Although the courtyard in front of the strict and fear-inspiring English headmistress of our school was not the most popular place, we were there often challenging each other to a game of ping pong. And more often than not, we dared the other girls to squeeze through the metal railings of the fence that separated the courtyard from the playground. This led to many instances of classmates getting their heads stuck in the gaps of the railing. They blushed with anger and frustration but were too scared to yell out and call the attention of the headmistress.
That is what I remember of my times with my dear friend, Nagmeh, back in elementary school in Iran. Hers was the last party I attended in Iran, before we all fled and dispersed to different parts of the world. I have vivid memories of Nagmeh’s 11th birthday party. All the girls had gathered in her living room, huddled in a circle. We were thinking of a game to play and Nagmeh’s cousin suggested a dance competition– I guess you could call it a Persian version of a dance-off! The hot song straight out of the States was Boney M’s Ma Baker and we all sashayed to the middle of the living room floor. It was apparent even back then that I liked to strut my stuff on the dance floor, and I went home as one of winners.
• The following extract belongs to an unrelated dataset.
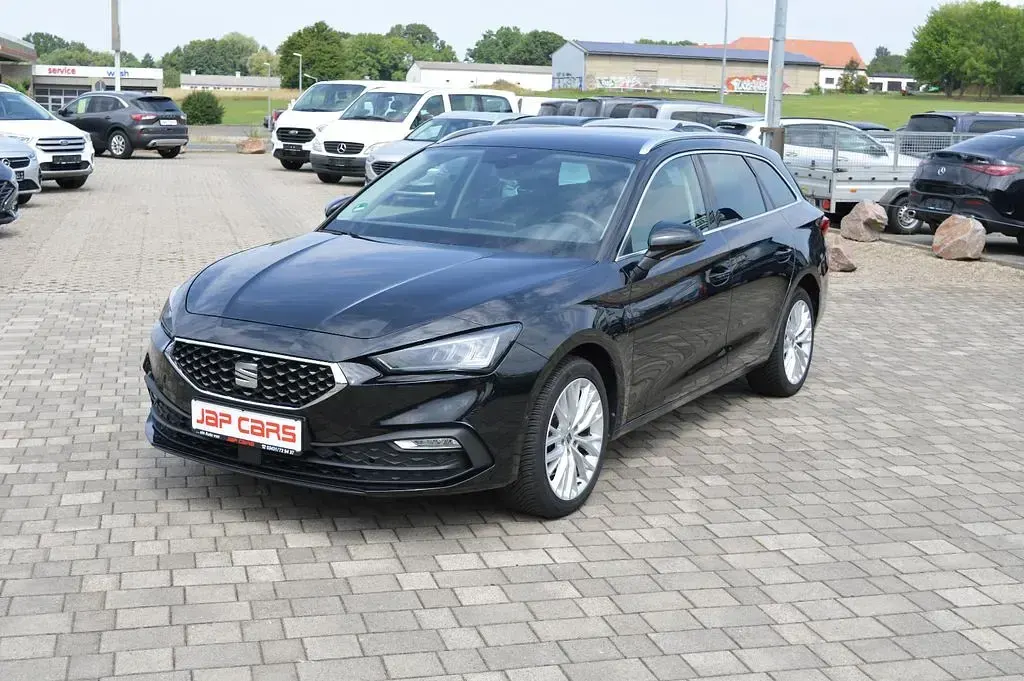 Gebraucht Seat Leon XCELLENCE 204 PS (150 kW) 2022 Midnight Kombi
Three months later I remember listening to Bee Gees’s Staying Alive in the States and wondering if I would ever see my friends again. We had left Iran in a hurry and thought we would return once things calmed down. But it never did. Iran was in the midst of a revolution, and I lost touch with all my childhood friends.
Imagine that just a few months ago I got a facebook message from my long-lost, childhood friend, Nagmeh. It didn’t take long for us to reminisce about our school, our friends, and her last party. We caught up on each other’s lives. I found out that she was married with two kids and living in San Diego–just a three-hour drive from me.
She knew that I was coming out to San Diego for a book event, but alas I would only be there for a couple of hours. The Jewish Book Council had booked me for another speaking engagement in New Orleans the next day, and I had to fly out of San Diego that afternoon. So Nagmeh and I made plans to see each other at another time, when we could actually sit and talk.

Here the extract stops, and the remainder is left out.